十二(第3/7页)

这个结实有力的老头什么都知道——知道城里的全部生活,知道商人、官吏、神父、小市民等的全部秘密。他像一只猛禽,目光锐利,他身上兼有狼和狐狸的东西。我总想惹他发怒,但他远远地像通过一层雾似的望着我。我觉得他被笼罩在一种无底的空虚之中,如果再走近他一点,就会掉进不知什么地方去。因此我觉得他身上有某种类似司炉舒莫夫的东西。

尽管掌柜当面背后都赞赏他聪明,但有时候他也和我一样,想惹老头生气,让他难受。

“其实大家都知道你是一个骗子。”他突然挑衅性地看着老头的脸说。

老头懒洋洋地笑了笑回答说:

“只有上帝不骗人。我们生活在傻瓜中间,如果不骗傻瓜,那么傻瓜还有啥用呢?”

掌柜气坏了。

“乡下人也不全是傻瓜,要知道,商人也是来自乡下人!”

“我们谈的不是商人。傻瓜当不了骗子。傻瓜是圣徒,他的脑子在睡觉……”

老头说得越来越没劲,这非常使人生气。我觉得他好像站在一个草墩子上,周围都是泥淖。无法叫他动气,他是不会动怒的,要不就是他善于把怒气深深隐藏起来。

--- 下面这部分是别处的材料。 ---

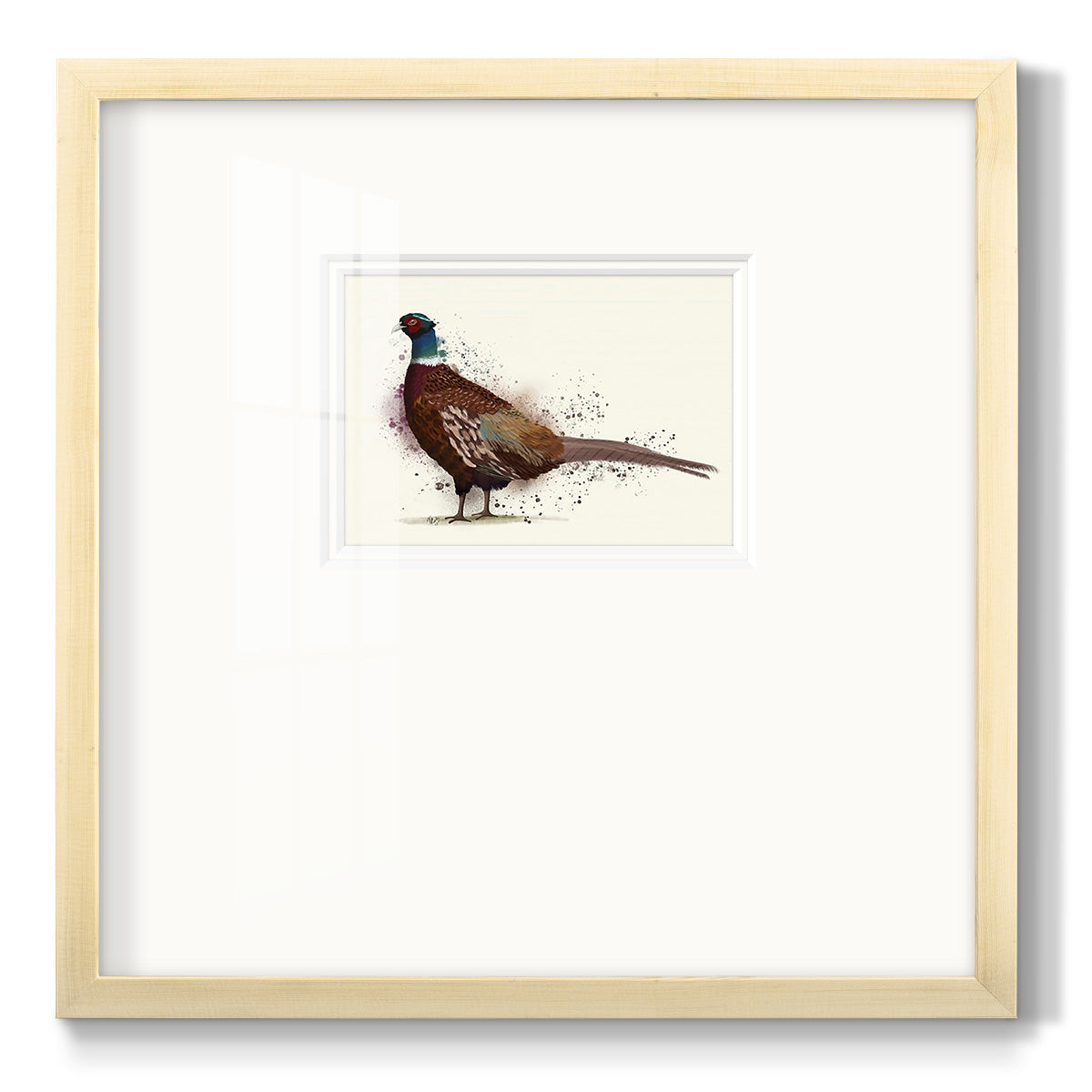 Pheasant Splash 1 - Double Matboard Framed Print
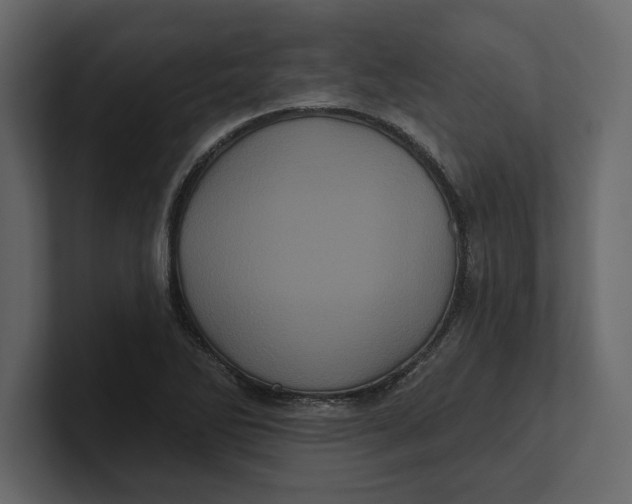 X0000100921270200807151214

但是他常常自己来纠缠我,走到我的跟前,胡子下面咧着嘴,问道:

“那个法国作家你怎么称呼来着,叫波诺士?”

他这种故意糟蹋别人姓名的恶劣态度,使我非常生气,但是我忍住了。我回答说:

“是庞逊·德·捷拉伊利。”

“在哪里丢失了?180”

“别胡闹了,你又不是小孩子。”

“你说得对,我不是小孩子。你现在在读什么书?”

“叶夫列姆·西林的书。”

“谁写得好些,是那些普通作家,还是这一位?”

我没有说话。

“普通作家写什么多一些?”他接着问。

“生活中发生的一切事情都写。”

“那么就写狗写马喽,狗和马到处都有。”

掌柜哈哈地笑起来,我却很生气。我感到难过,不痛快。这时我要是离开他们的话,掌柜就会出来阻止:

“你到哪儿去?”

老头又来考问我:

“喂,有学问的人,请你回答一道题:在你面前有一千个裸体的人,五百个女的,五百个男的,其中也有亚当和夏娃——你如何把亚当和夏娃找出来呢?”

他追问了我很久,最后得意扬扬地宣布说:

“小傻瓜,他们不是人生出来的,是上帝造的,所以他们身上没有肚脐眼!”

老头知道无数这样的“命题”,我常常被他难倒。

刚到铺子里上班时,我曾把我读过的一些书的内容讲给掌柜听。现在他却反过来拿这些东西来为难我:掌柜把它们转述给彼得·瓦西里伊奇听时,加以篡改,歪曲成十分猥亵的东西。老头再帮他从中提出一些无耻的问题。他们的如簧之舌把许多不要脸的脏话,像倒垃圾似的倒在欧也妮·葛朗台、柳德米拉、亨利四世的身上。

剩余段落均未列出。